───── DATASET ENTRIES

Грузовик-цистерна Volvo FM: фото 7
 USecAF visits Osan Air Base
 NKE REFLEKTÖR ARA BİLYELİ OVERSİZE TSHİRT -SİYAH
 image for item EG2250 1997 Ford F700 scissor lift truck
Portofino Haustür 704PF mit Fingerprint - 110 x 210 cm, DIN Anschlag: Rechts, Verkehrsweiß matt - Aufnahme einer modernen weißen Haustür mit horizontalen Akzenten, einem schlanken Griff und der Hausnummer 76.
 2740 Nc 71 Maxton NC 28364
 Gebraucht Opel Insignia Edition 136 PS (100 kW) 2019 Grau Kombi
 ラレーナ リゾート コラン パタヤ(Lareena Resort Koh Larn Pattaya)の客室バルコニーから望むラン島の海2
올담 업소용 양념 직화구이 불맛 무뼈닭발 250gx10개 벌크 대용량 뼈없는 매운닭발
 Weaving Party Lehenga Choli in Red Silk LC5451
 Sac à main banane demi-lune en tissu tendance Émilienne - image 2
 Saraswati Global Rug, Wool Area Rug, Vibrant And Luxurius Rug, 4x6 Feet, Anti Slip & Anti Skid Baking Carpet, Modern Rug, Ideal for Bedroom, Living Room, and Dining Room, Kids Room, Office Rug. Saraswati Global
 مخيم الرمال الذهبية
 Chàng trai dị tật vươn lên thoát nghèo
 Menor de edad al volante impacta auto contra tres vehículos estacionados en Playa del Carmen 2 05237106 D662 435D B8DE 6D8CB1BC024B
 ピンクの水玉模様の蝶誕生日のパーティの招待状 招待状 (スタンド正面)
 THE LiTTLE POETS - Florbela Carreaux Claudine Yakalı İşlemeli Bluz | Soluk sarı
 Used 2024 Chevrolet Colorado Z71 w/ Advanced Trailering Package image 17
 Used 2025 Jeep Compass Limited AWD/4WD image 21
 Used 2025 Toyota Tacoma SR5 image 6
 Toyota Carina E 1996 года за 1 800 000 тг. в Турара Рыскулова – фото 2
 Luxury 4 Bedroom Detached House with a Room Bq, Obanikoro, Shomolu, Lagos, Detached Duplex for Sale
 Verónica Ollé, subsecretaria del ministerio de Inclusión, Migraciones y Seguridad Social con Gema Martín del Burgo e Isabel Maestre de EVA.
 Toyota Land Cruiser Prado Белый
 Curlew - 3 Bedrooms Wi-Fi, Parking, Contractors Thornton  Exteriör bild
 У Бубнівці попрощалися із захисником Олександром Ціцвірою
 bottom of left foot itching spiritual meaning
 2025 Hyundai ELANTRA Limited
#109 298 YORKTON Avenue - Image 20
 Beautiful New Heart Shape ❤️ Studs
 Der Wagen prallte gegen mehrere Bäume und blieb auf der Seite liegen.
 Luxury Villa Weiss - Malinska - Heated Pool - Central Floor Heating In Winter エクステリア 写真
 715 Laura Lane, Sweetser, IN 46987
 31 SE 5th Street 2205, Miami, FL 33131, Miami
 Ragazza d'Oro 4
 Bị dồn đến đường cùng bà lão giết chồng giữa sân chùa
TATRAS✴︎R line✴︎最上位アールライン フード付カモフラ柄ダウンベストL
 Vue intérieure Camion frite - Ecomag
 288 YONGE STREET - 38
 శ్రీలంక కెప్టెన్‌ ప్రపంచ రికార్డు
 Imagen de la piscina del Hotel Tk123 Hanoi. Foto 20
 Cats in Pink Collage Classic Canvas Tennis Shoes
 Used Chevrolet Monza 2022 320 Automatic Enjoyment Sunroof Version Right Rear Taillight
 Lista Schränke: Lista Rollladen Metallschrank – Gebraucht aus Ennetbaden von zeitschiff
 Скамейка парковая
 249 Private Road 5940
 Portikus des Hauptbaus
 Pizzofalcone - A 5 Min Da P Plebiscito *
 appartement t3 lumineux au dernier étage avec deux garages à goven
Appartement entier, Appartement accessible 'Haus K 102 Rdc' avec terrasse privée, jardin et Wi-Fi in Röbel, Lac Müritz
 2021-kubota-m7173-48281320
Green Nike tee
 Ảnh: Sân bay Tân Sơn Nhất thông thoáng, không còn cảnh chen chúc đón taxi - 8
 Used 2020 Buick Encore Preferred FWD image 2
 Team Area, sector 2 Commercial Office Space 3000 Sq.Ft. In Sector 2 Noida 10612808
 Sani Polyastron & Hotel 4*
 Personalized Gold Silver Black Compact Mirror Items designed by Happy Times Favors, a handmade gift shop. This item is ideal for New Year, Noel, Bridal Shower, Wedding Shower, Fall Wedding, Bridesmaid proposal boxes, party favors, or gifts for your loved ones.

──────────

BRIEF => I'd like the material repeated word for word, please.

PROBLEM SOLUTION =>
Грузовик-цистерна Volvo FM: фото 7
 USecAF visits Osan Air Base
 NKE REFLEKTÖR ARA BİLYELİ OVERSİZE TSHİRT -SİYAH
 image for item EG2250 1997 Ford F700 scissor lift truck
Portofino Haustür 704PF mit Fingerprint - 110 x 210 cm, DIN Anschlag: Rechts, Verkehrsweiß matt - Aufnahme einer modernen weißen Haustür mit horizontalen Akzenten, einem schlanken Griff und der Hausnummer 76.
 2740 Nc 71 Maxton NC 28364
 Gebraucht Opel Insignia Edition 136 PS (100 kW) 2019 Grau Kombi
 ラレーナ リゾート コラン パタヤ(Lareena Resort Koh Larn Pattaya)の客室バルコニーから望むラン島の海2
올담 업소용 양념 직화구이 불맛 무뼈닭발 250gx10개 벌크 대용량 뼈없는 매운닭발
 Weaving Party Lehenga Choli in Red Silk LC5451
 Sac à main banane demi-lune en tissu tendance Émilienne - image 2
 Saraswati Global Rug, Wool Area Rug, Vibrant And Luxurius Rug, 4x6 Feet, Anti Slip & Anti Skid Baking Carpet, Modern Rug, Ideal for Bedroom, Living Room, and Dining Room, Kids Room, Office Rug. Saraswati Global
 مخيم الرمال الذهبية
 Chàng trai dị tật vươn lên thoát nghèo
 Menor de edad al volante impacta auto contra tres vehículos estacionados en Playa del Carmen 2 05237106 D662 435D B8DE 6D8CB1BC024B
 ピンクの水玉模様の蝶誕生日のパーティの招待状 招待状 (スタンド正面)
 THE LiTTLE POETS - Florbela Carreaux Claudine Yakalı İşlemeli Bluz | Soluk sarı
 Used 2024 Chevrolet Colorado Z71 w/ Advanced Trailering Package image 17
 Used 2025 Jeep Compass Limited AWD/4WD image 21
 Used 2025 Toyota Tacoma SR5 image 6
 Toyota Carina E 1996 года за 1 800 000 тг. в Турара Рыскулова – фото 2
 Luxury 4 Bedroom Detached House with a Room Bq, Obanikoro, Shomolu, Lagos, Detached Duplex for Sale
 Verónica Ollé, subsecretaria del ministerio de Inclusión, Migraciones y Seguridad Social con Gema Martín del Burgo e Isabel Maestre de EVA.
 Toyota Land Cruiser Prado Белый
 Curlew - 3 Bedrooms Wi-Fi, Parking, Contractors Thornton  Exteriör bild
 У Бубнівці попрощалися із захисником Олександром Ціцвірою
 bottom of left foot itching spiritual meaning
 2025 Hyundai ELANTRA Limited
#109 298 YORKTON Avenue - Image 20
 Beautiful New Heart Shape ❤️ Studs
 Der Wagen prallte gegen mehrere Bäume und blieb auf der Seite liegen.
 Luxury Villa Weiss - Malinska - Heated Pool - Central Floor Heating In Winter エクステリア 写真
 715 Laura Lane, Sweetser, IN 46987
 31 SE 5th Street 2205, Miami, FL 33131, Miami
 Ragazza d'Oro 4
 Bị dồn đến đường cùng bà lão giết chồng giữa sân chùa
TATRAS✴︎R line✴︎最上位アールライン フード付カモフラ柄ダウンベストL
 Vue intérieure Camion frite - Ecomag
 288 YONGE STREET - 38
 శ్రీలంక కెప్టెన్‌ ప్రపంచ రికార్డు
 Imagen de la piscina del Hotel Tk123 Hanoi. Foto 20
 Cats in Pink Collage Classic Canvas Tennis Shoes
 Used Chevrolet Monza 2022 320 Automatic Enjoyment Sunroof Version Right Rear Taillight
 Lista Schränke: Lista Rollladen Metallschrank – Gebraucht aus Ennetbaden von zeitschiff
 Скамейка парковая
 249 Private Road 5940
 Portikus des Hauptbaus
 Pizzofalcone - A 5 Min Da P Plebiscito *
 appartement t3 lumineux au dernier étage avec deux garages à goven
Appartement entier, Appartement accessible 'Haus K 102 Rdc' avec terrasse privée, jardin et Wi-Fi in Röbel, Lac Müritz
 2021-kubota-m7173-48281320
Green Nike tee
 Ảnh: Sân bay Tân Sơn Nhất thông thoáng, không còn cảnh chen chúc đón taxi - 8
 Used 2020 Buick Encore Preferred FWD image 2
 Team Area, sector 2 Commercial Office Space 3000 Sq.Ft. In Sector 2 Noida 10612808
 Sani Polyastron & Hotel 4*
 Personalized Gold Silver Black Compact Mirror Items designed by Happy Times Favors, a handmade gift shop. This item is ideal for New Year, Noel, Bridal Shower, Wedding Shower, Fall Wedding, Bridesmaid proposal boxes, party favors, or gifts for your loved ones.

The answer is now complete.